(EXERCISE AIM):
Copy exactly and only the lines running from the one that contains "STRIP 186 1." to the final line of the data below, without the pictures.

(RECORDED DATA):
##############################

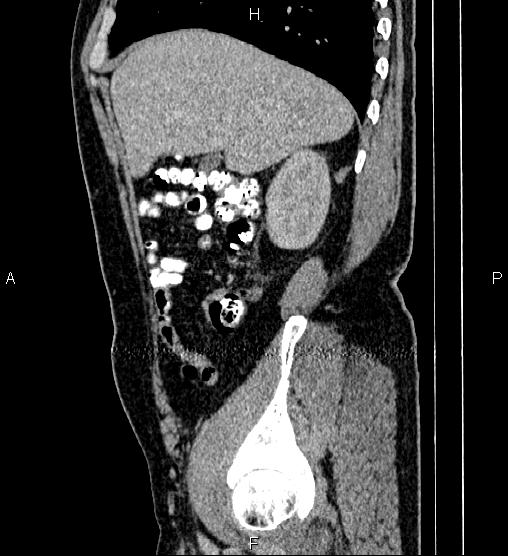 Acute appendicitis (Radiopaedia 84780-100240 Sagittal C+ portal venous phase 24).jpg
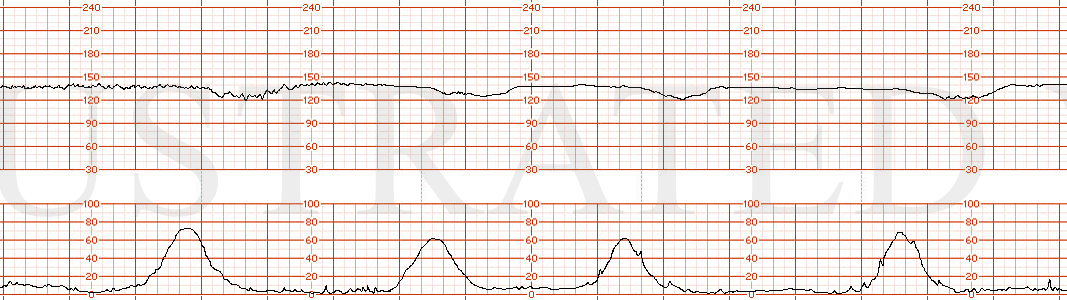 STRIP 186 1. Baseline initially for 4 minutes is 140 bpm, with minimal variability and then late decelerations (nadir around 110) become recurrent with each contraction starting at minute 5 through 15. Contractions occur every 2-3 minutes and variab…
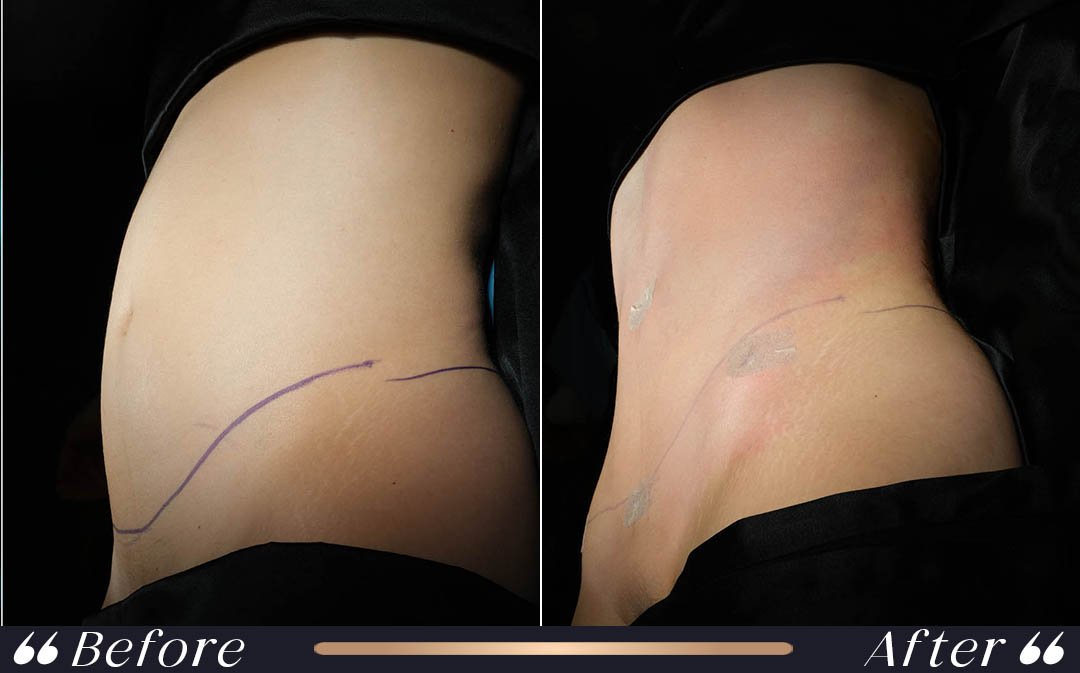 Flying after liposuction and international patient recovery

##############################

(WRITTEN REPLY):
 STRIP 186 1. Baseline initially for 4 minutes is 140 bpm, with minimal variability and then late decelerations (nadir around 110) become recurrent with each contraction starting at minute 5 through 15. Contractions occur every 2-3 minutes and variab…
 Flying after liposuction and international patient recovery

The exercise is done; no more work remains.